We often use simplistic and outmoded heuristics when shifting our template, changing our baseline, and making predictions in a dynamic environment. We might, for instance, apply a Recency heuristic. Adjustments are the same as the last time we faced this environmental shift. Polystatic adjustments can also become habitual. A heuristic of Habit is applied. Then there is the matter of Primacy. The first action taken when facing a challenge remains with us. We messed up the first time and learned to avoid this situation at all costs.
Given this potential vulnerability of recency, habit, and primacy, we must ask: How do we adjust to a new or changing baseline? Adjustments will operate differently when we face a critical challenge and when motivations (and anxiety) are high. We are inclined to think very fast and be especially noncritical when the stakes are high. Emotions are intense. Furthermore, we might always imagine a threat when we are tired or distracted—we indeed become “trigger-happy.” Anxiety becomes a common experience.
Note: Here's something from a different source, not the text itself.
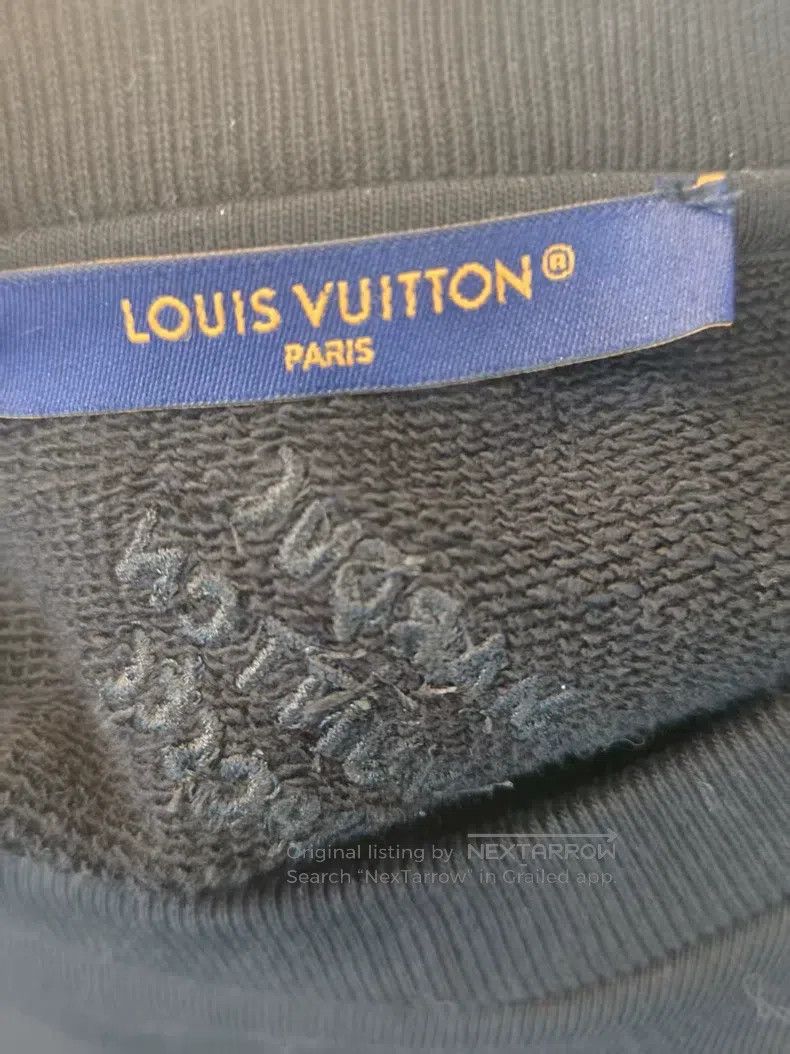 Louis Vuitton Louis Vuitton Monogrammed crewneck long-sleeve sweatshirt Size US L / EU 52-54 / 3 - 8 Thumbnail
Retreat and isolation become common polystatic actions.
All of this means that we need to be careful about the assumptions we make and the heuristics we apply under specific conditions of anticipation. Many conditions in mid-21st-century life hold the potential of threat. It is in these conditions and at these moments that we must be particularly vigilant and reflective. We must ask ourselves: Is this situation really like the last one? Can I do a better job this time in coping with this challenging situation? If this is truly important, then perhaps I should get some assistance. I might have to consider differing points of view. Is this genuinely threatening, or am I imagining that it is threatening? In short, Polystasis might be an essential adaptation given the aforementioned conditions of volatility, uncertainty, complexity, ambiguity, turbulence, and contradiction (VUCA-Plus) (Bergquist, 2025). However, this process can also lead us astray. We must indeed be vigilant and reflective.
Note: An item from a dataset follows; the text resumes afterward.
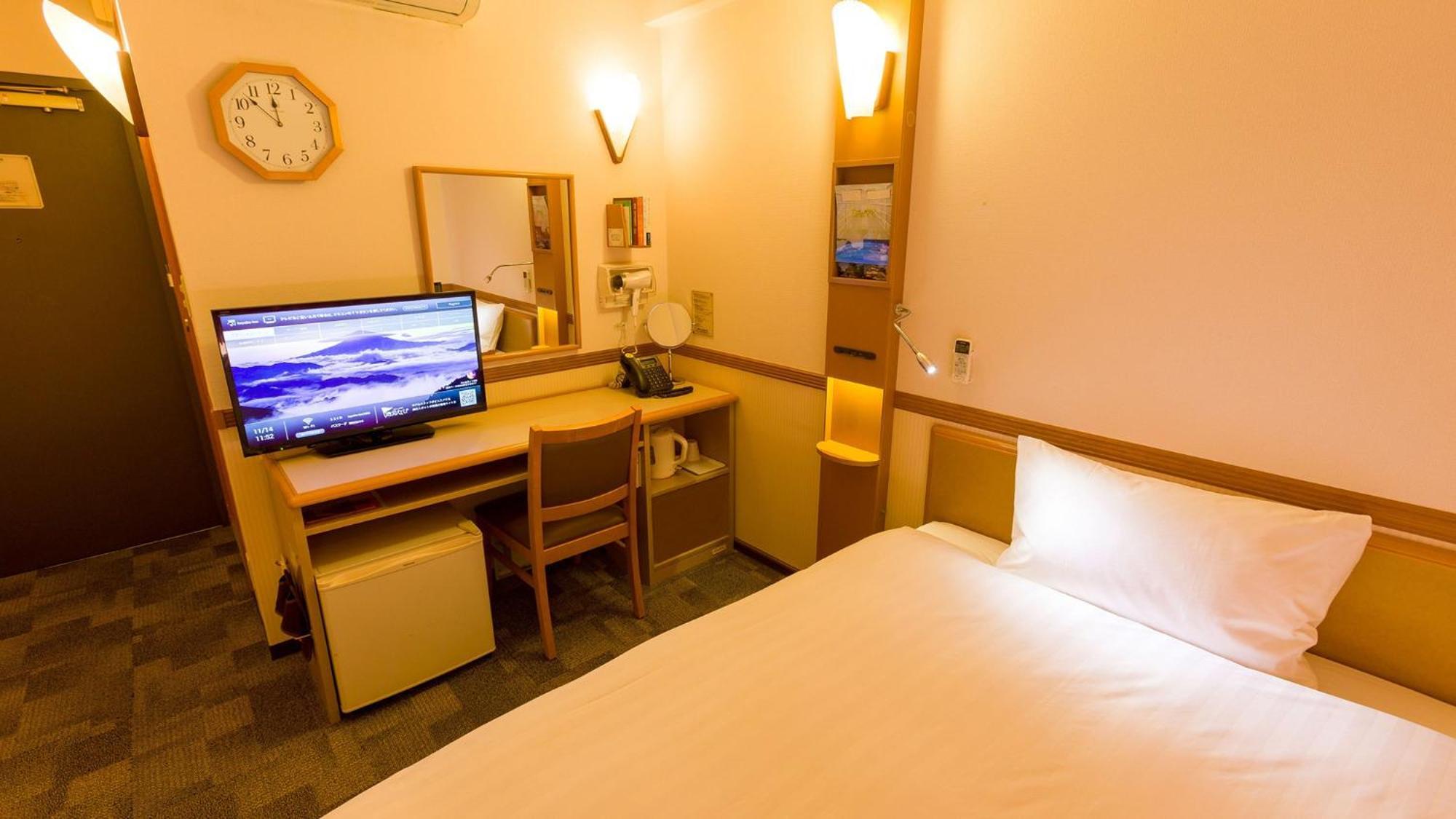 Toyoko Inn Shin-Osaka Chuo-Guchi Shinkan חדר תמונה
The Dynamics of Anticipation
The Polystatic process involves intricate and intimate relationships between perception and behavior. Anticipation is the primary bridge that brings these two fundamental elements of human performance into close alliance. Given this close alliance, performance can be viewed from both ends of the Polystatic process.
Perception
From the perception end, one can take an Intrascopic Perspective on performance. Polystasis can be viewed as operating from the inside out. Anticipation produces behavior. Our assumptions regarding what is about to occur if we perform in a certain manner will influence subsequent behavior. We can push even further.
The Intrascopic Perspective can focus on the even deeper state we experience as a feeling. This feeling may be rooted in an emotion that lingers in our psyche. We change our anticipations based on the emotions we are feeling. A state of fear provides anticipations that are quite different from what we anticipate if we are enthusiastic or suffering from a state of shame. At an even deeper level, our psychosocial template (and eventually our somatic template) might not seem “right.” We can “feel it in our bones.”